You need to check the subscriptions status on the SNO clusters, in order to do that you need to get the kubeconfigs:
oc --kubeconfig ~/5g-deployment-lab/hub-kubeconfig -n sno1 extract secret/sno1-admin-kubeconfig --to=- > ~/5g-deployment-lab/sno1-kubeconfig
oc --kubeconfig ~/5g-deployment-lab/hub-kubeconfig -n sno2 extract secret/sno2-admin-kubeconfig --to=- > ~/5g-deployment-lab/sno2-kubeconfig
Probably your subscriptions are stuck and are showing a message like the one below:
Command below checks sno2, you may want to check the SNO where policies are stuck. |
oc --kubeconfig ~/5g-deployment-lab/sno2-kubeconfig -n openshift-storage get subscriptions.operators.coreos.com odf-lvm-operator -o yaml
apiVersion: operators.coreos.com/v1alpha1
kind: Subscription
metadata:
creationTimestamp: "2023-06-14T14:35:17Z"
generation: 1
labels:
operators.coreos.com/lvms-operator.openshift-storage: ""
test: test
name: odf-lvm-operator
namespace: openshift-storage
resourceVersion: "70835"
uid: f30a26a2-fdaf-4469-8271-d5d5ac0cb64c
spec:
channel: stable-4.12
installPlanApproval: Manual
name: lvms-operator
source: redhat-operator-index
sourceNamespace: openshift-marketplace
status:
catalogHealth:
- catalogSourceRef:
apiVersion: operators.coreos.com/v1alpha1
kind: CatalogSource
name: redhat-operator-index
namespace: openshift-marketplace
resourceVersion: "70778"
uid: e9ebbd29-f28d-4619-ab71-66bed8e52de2
healthy: true
lastUpdated: "2023-06-14T15:34:53Z"
conditions:
- lastTransitionTime: "2023-06-14T15:34:53Z"

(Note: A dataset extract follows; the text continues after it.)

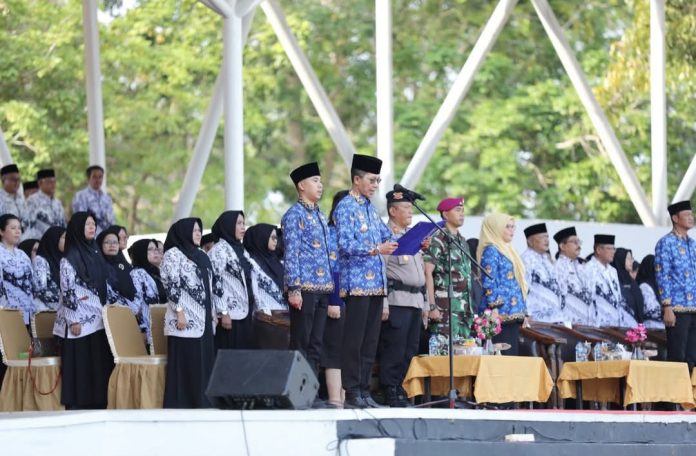 Wali Kota Batam, Amsakar Achmad, bertindak sebagai inspektur upacara pada peringatan HUT ke-54 Korpri dan HUT ke-80 PGRI tingkat Kota Batam tahun 2025, di Dataran Engku Putri, Batam Centre, Senin (1/12/2025). (Istimewa)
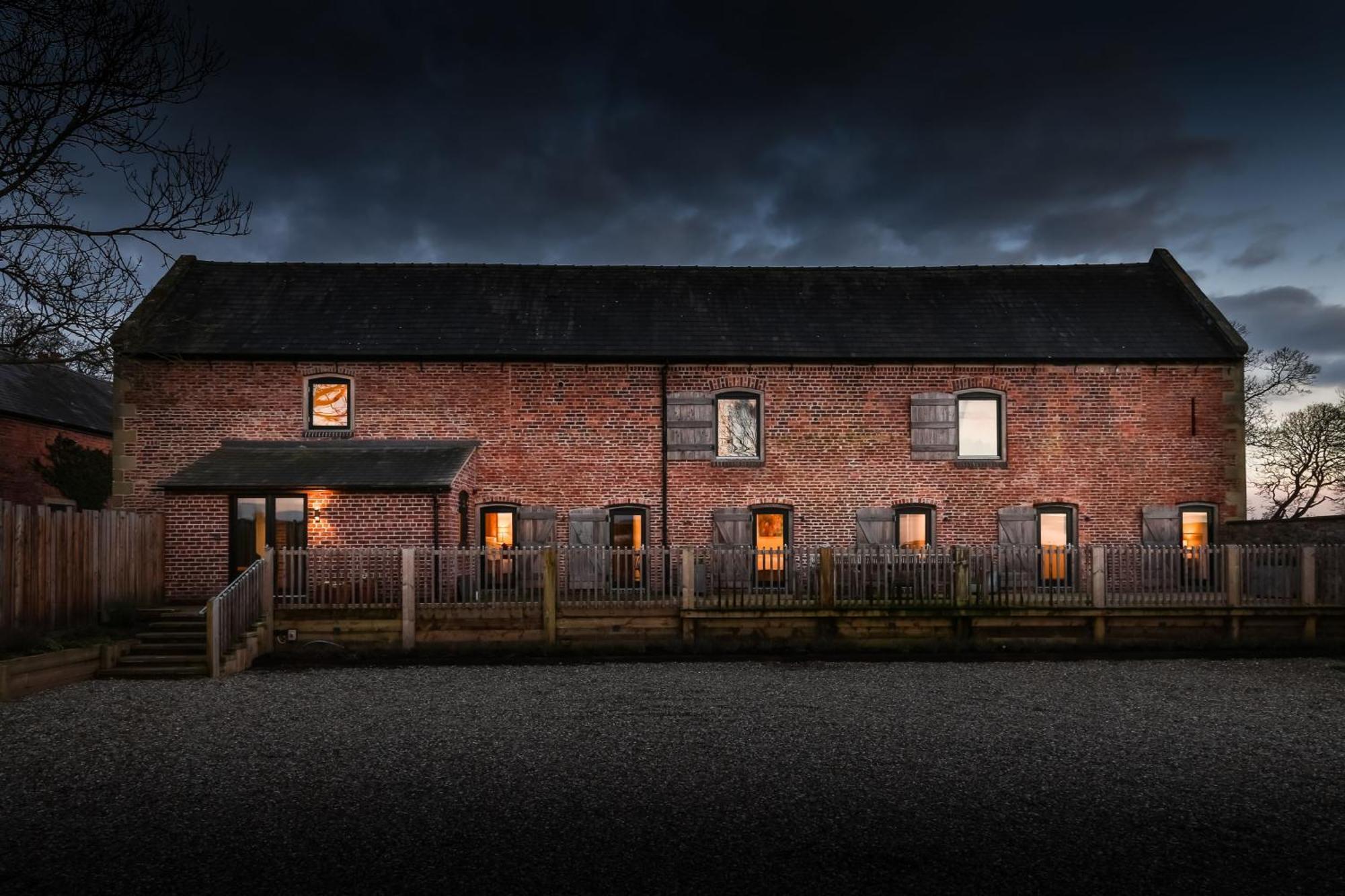 The Barn At Plas Ashpool Sleeps 8 Llandyrnog Exterior foto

message: all available catalogsources are healthy
reason: AllCatalogSourcesHealthy
status: "False"
type: CatalogSourcesUnhealthy
- message: 'failed to populate resolver cache from source community-operators/openshift-marketplace:
failed to list bundles: rpc error: code = Unavailable desc = connection error:
desc = "transport: Error while dialing dial tcp: lookup community-operators.openshift-marketplace.svc
on 172.30.0.10:53: no such host"'
reason: ErrorPreventedResolution
status: "True"
type: ResolutionFailed
If that’s the case you should restart OLM pods to get this fixed:
oc --kubeconfig ~/5g-deployment-lab/sno1-kubeconfig -n openshift-operator-lifecycle-manager delete pods --all
Once OLM is restarted the subscriptions will move to the desired stated.